Suddenly out of the dark something fluttered to his shoulder. He started -- but it was only an old thrush. Unafraid it perched by his ear and it brought him news. Marvelling he found he could understand its tongue, for he was of the race of Dale.
'Wait! Wait!' it said to him. 'The moon is rising. Look for the hollow of the left breast as he flies and turns above you!' And while Bard paused in wonder it told him of tidings up in the Mountain and of all that it had heard.
Then Bard drew his bow-string to his ear. The dragon was circling back, flying low, and as he came the moon rose above the eastern shore and silvered his great wings.
'Arrow!' said the bowman. 'Black arrow! I have saved you for the last. You have never failed me and always I have recovered you. I had you from my father and he from of old. If ever you came from the forges of the true king under the Mountain, go now and speed well!'
The dragon swooped once more lower than ever, and as he turned and dived his belly glittered white with sparkling gems in the moon--but not in one place. the great bow twanged. The black arrow sped straight from the string, straight for the hollow by the left breast where the foreleg was flung wide. In it smote and vanished, barb, shaft and feather, so fierce was its flight. With a shriek that deafened men, felled trees and split stone, Smaug shot spouting into the air, turned over and crashed down from on high in ruin.
Full on the town he fell. His last throes splintered it into sparks and gledes. The lake roared in. A vast steam leaped up, a gushing whirl, and then silence. And that was the end of Smaug and Esgaroth, but not of Bard.
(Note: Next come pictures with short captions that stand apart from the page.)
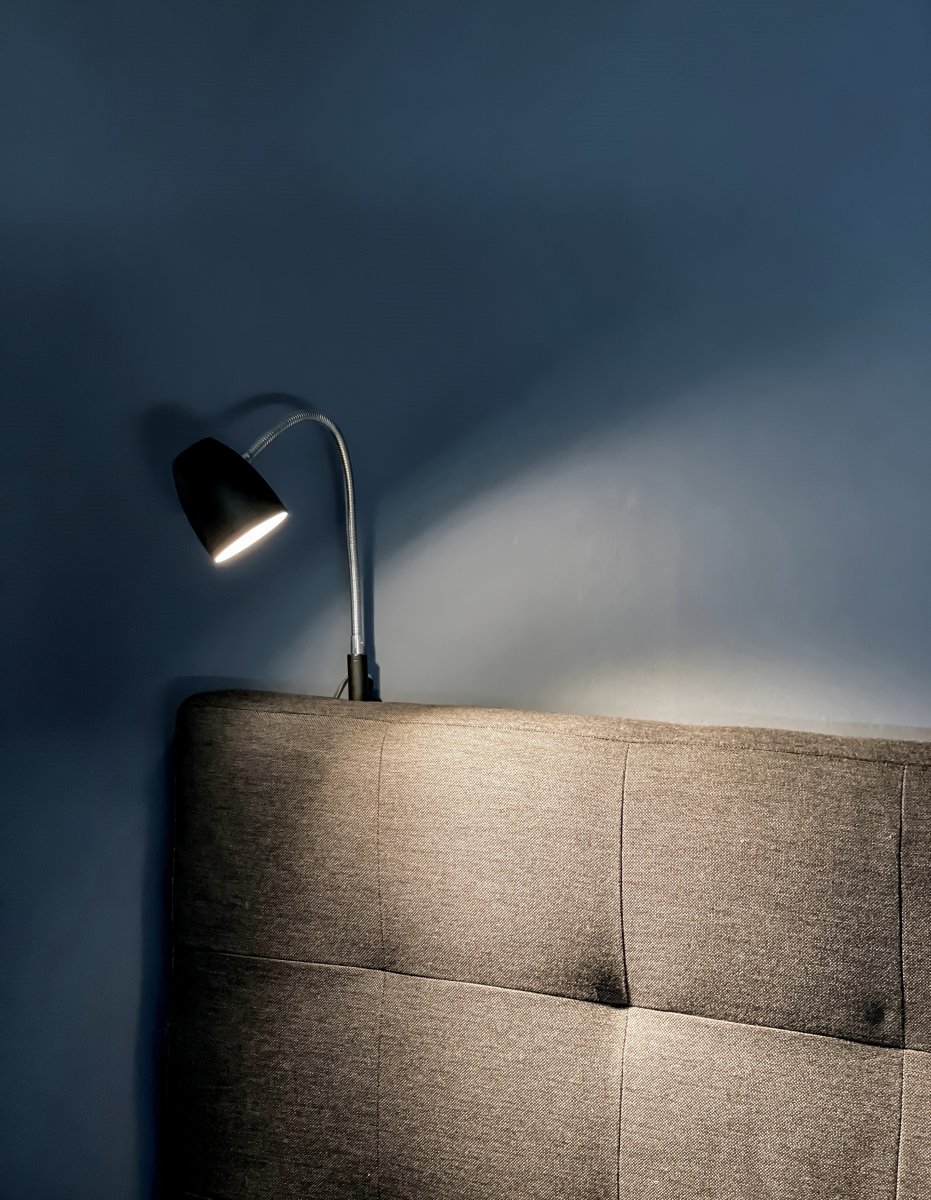 Sandnes Schwarz leselampe Von Aneta Lighting - Sandnes l&auml;sst sich mit seinem Flexarm einfach in der Richtung verstellen.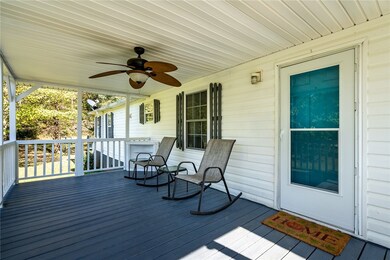 305 S Poplar St, Walhalla, SC 29691 - photo 7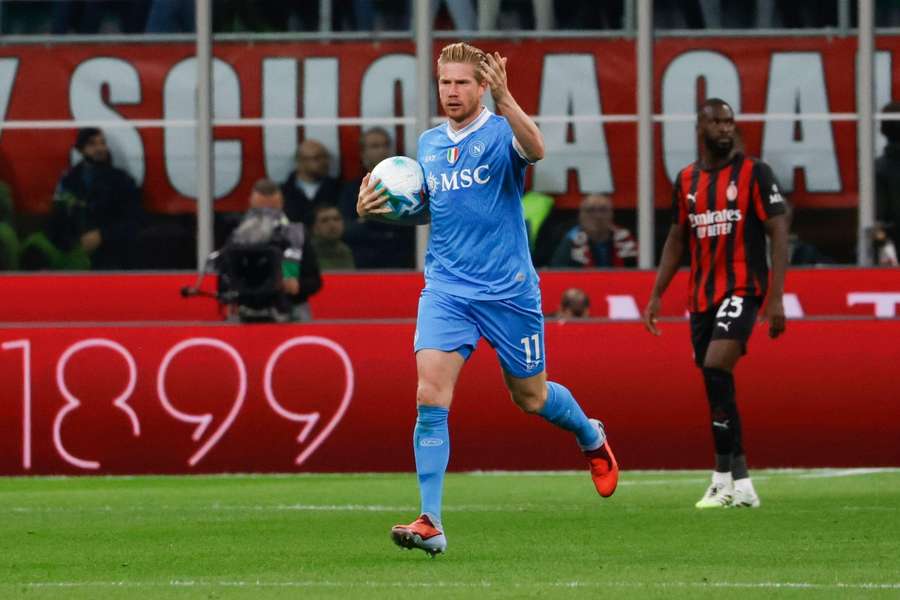 De Bruyne é arma do Napoli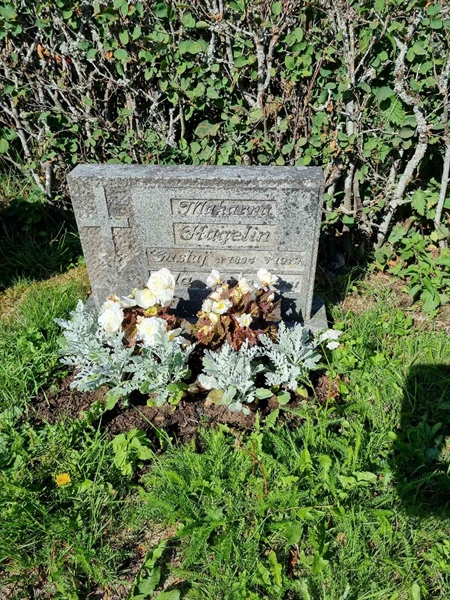 Grave number: 1 28   60
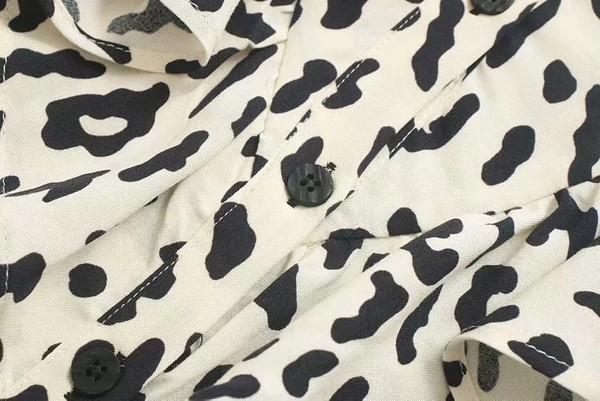 Rochie de dama model nou cu animal print si decolteu in alb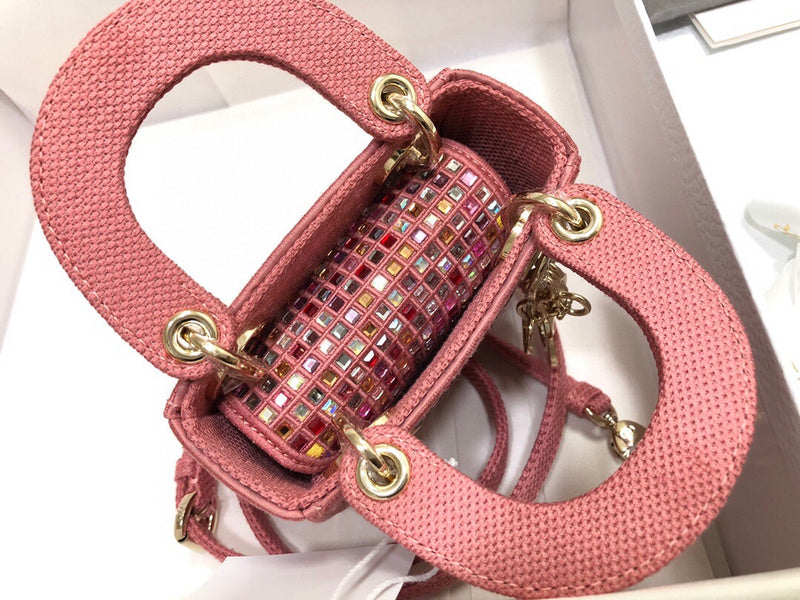 Dragons Bags Detail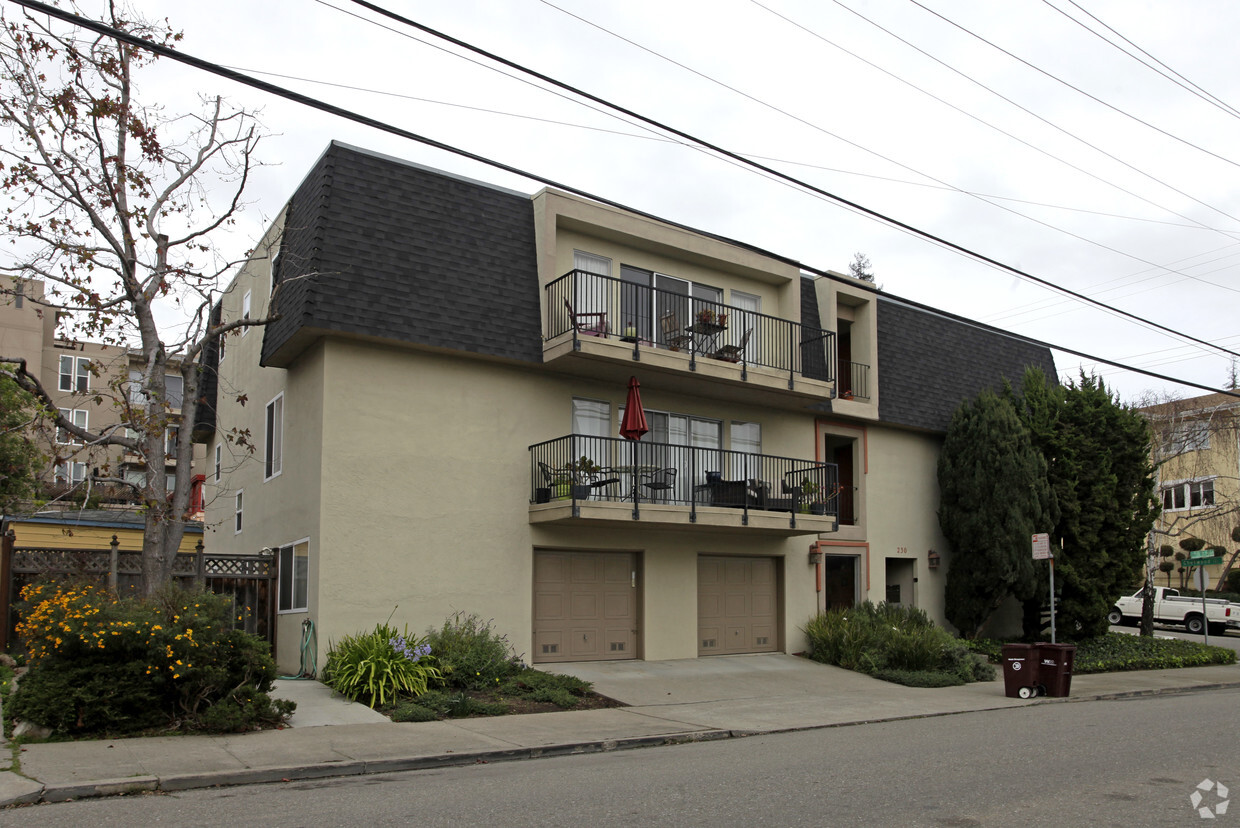 Building Photo - 230 Santa Rosa Ave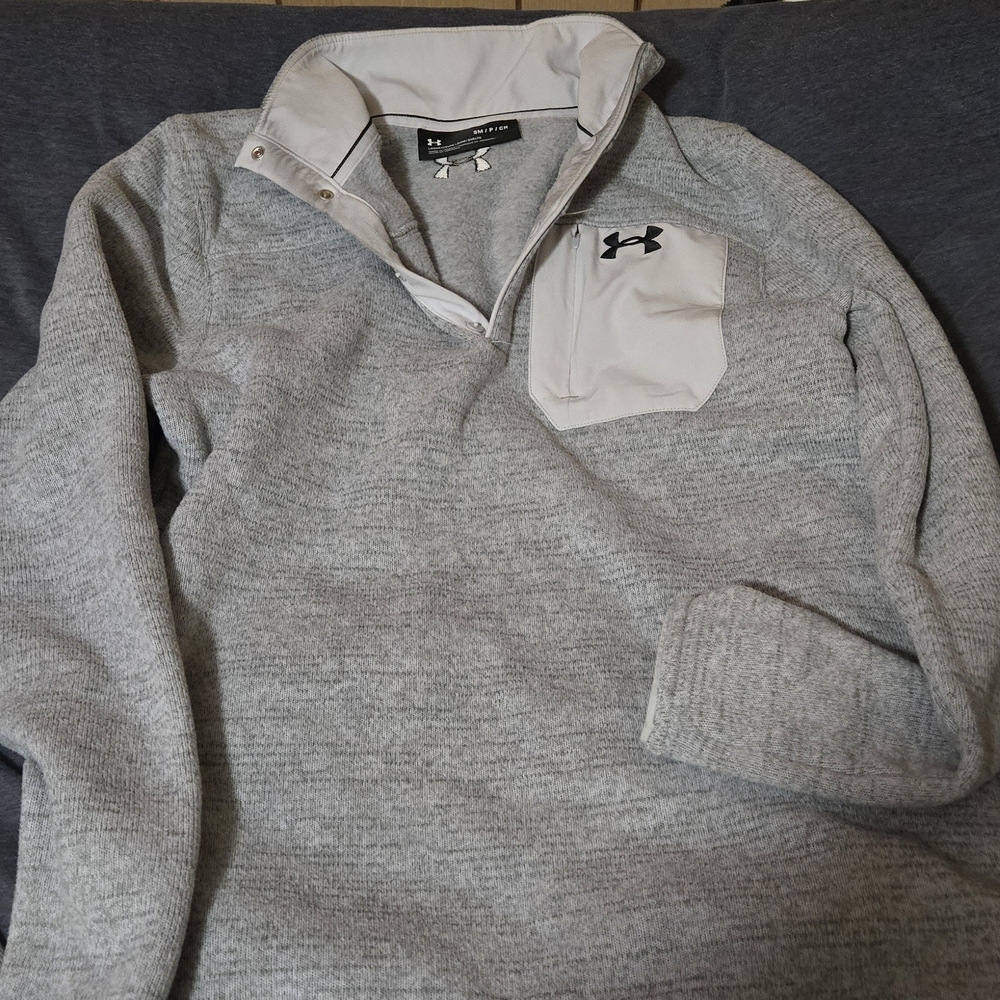 Under Armour Black and Gray Fleece Pullover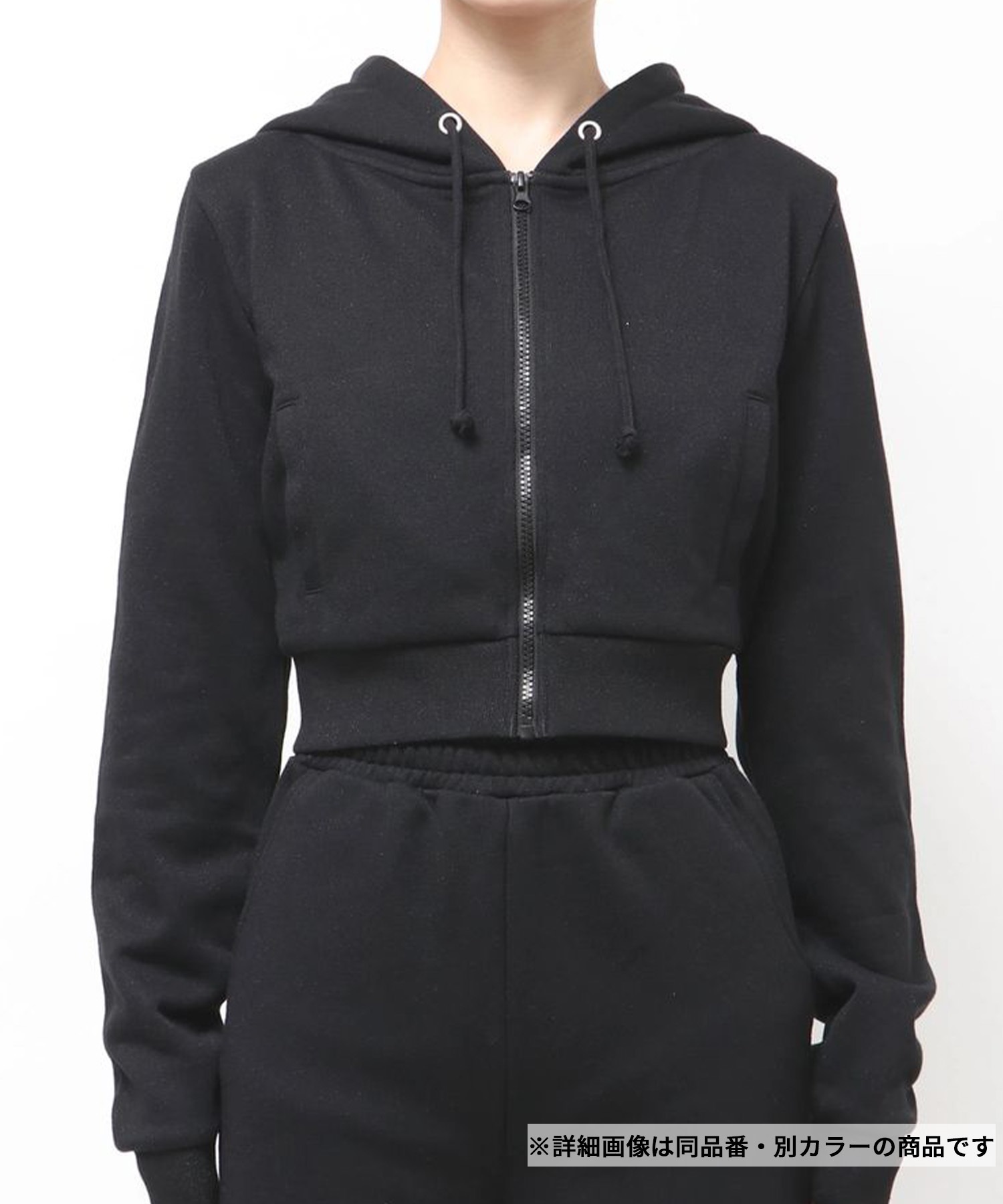 新品！gyda  feminineパーカー GYDA（ジェイダ） パーカー BACK GYDAラインストーンラメパーカー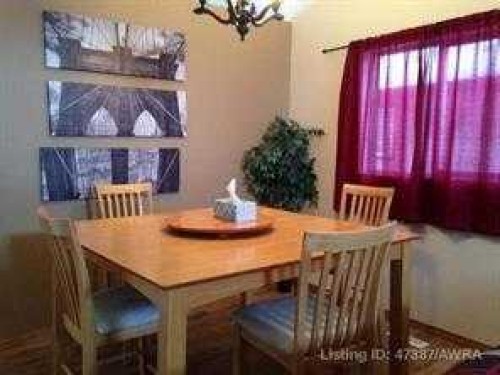 804 10 Street, Fox Creek, AB - Indoor Photo Showing Dining Room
Now, there are things that you couldn't do exactly as written in the book. For instance, you can't get across Bard's history during the course of the battle very well. A good movie-making move would be to introduce him as a character back when the dwarves arrive and are feasted by the Laketown men. However, what the book has going for it is that it's tactically sound and interesting. (Also, typing this up it strikes me: This was written in the '30s, before The Blitz made dealing with fire from above an real life occurrence for the Brits. And yet, it seems realistic and compelling, from the bridges being cut to the houses being wetted down to prevent fire.) Every image here is dramatic, and they follow logically.
And that's the big sin of Jackson's version of the scene: not that it doesn't follow the book precisely (though as I think the above shows, you could do the scene precisely as shown in the book and have a really dramatic scene) but that it is messy and, as a result, less dramatic. Something a lot more like the book, dropping the silly sub-plots like Bard being in jail, and including the town's efforts to defend itself, would have been more dramatic and become compelling. Jackson can do this. The Battle of Helm's Deep in The Two Towers was a dramatization which made tactical sense and was more dramatic as a result.
The Dragon Sickness
The dwarves who made it out of the wreck of Laketown head up to the Mountain to join the rest of the company. Here they find Bilbo in doubt and Thorin in the throes of Dragon Sickness. See, we can't just have Thorin become a bit hardened and obsessed with the regained possessions of his kingdom. That might be a little too subtle for Jackson's estimation of his viewers. Instead, we need a full-on pathology which can be expressed in CGI.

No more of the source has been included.